--- Raw data Enclosed Below ---
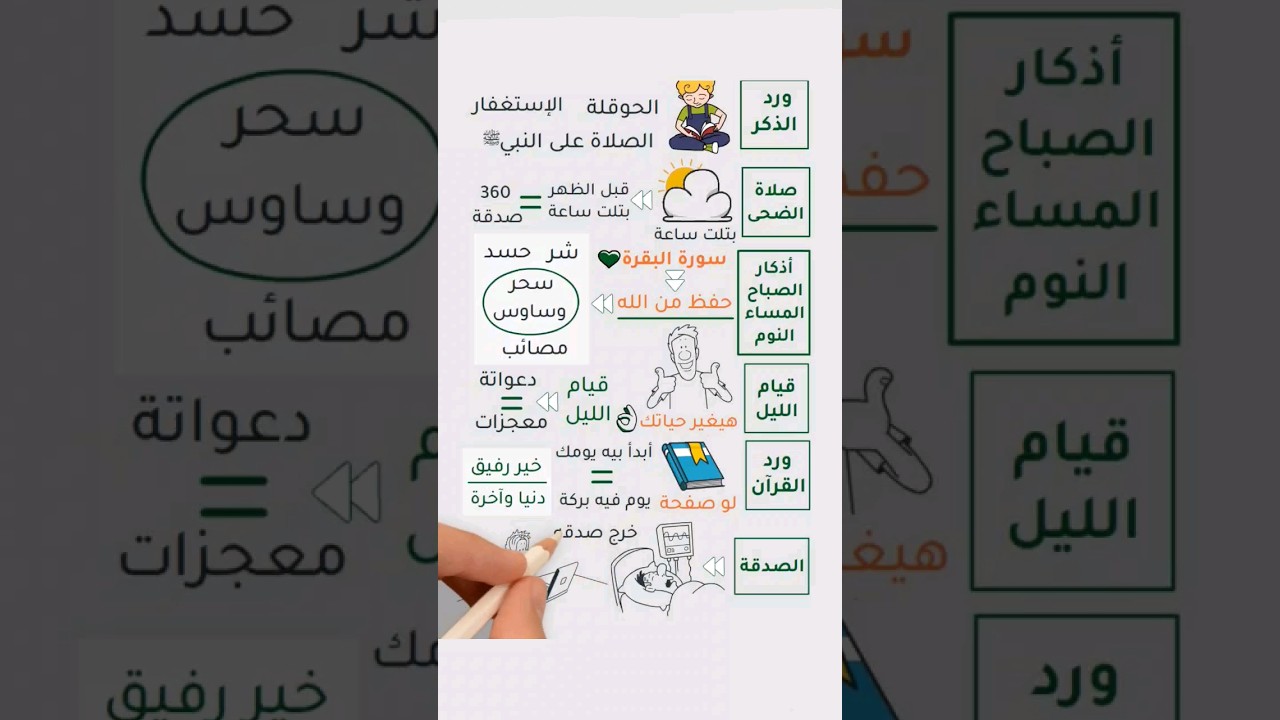 حاجات لو حافظت عليهم , هتعيش في جنة 🤍 #مبدع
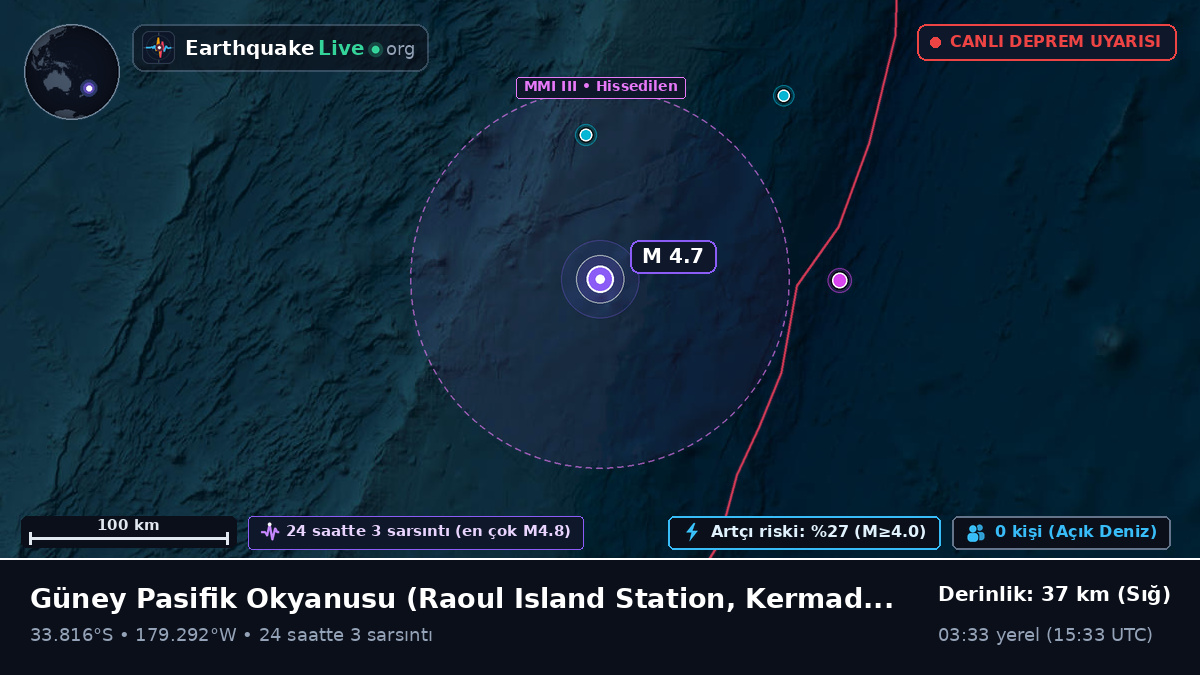 Güney Pasifik Okyanusu (Kermadec Islands)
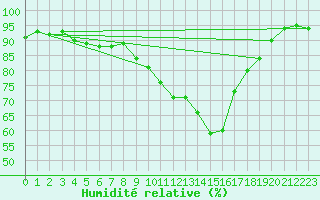 Courbe de l'humidit relative pour Saint-Nazaire (44)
--- End of Enclosed Raw data ---
Your instructions:
The data above must be written out again word for word, without its pictures.

Task output:
 حاجات لو حافظت عليهم , هتعيش في جنة 🤍 #مبدع
 Güney Pasifik Okyanusu (Kermadec Islands)
 Courbe de l'humidit relative pour Saint-Nazaire (44)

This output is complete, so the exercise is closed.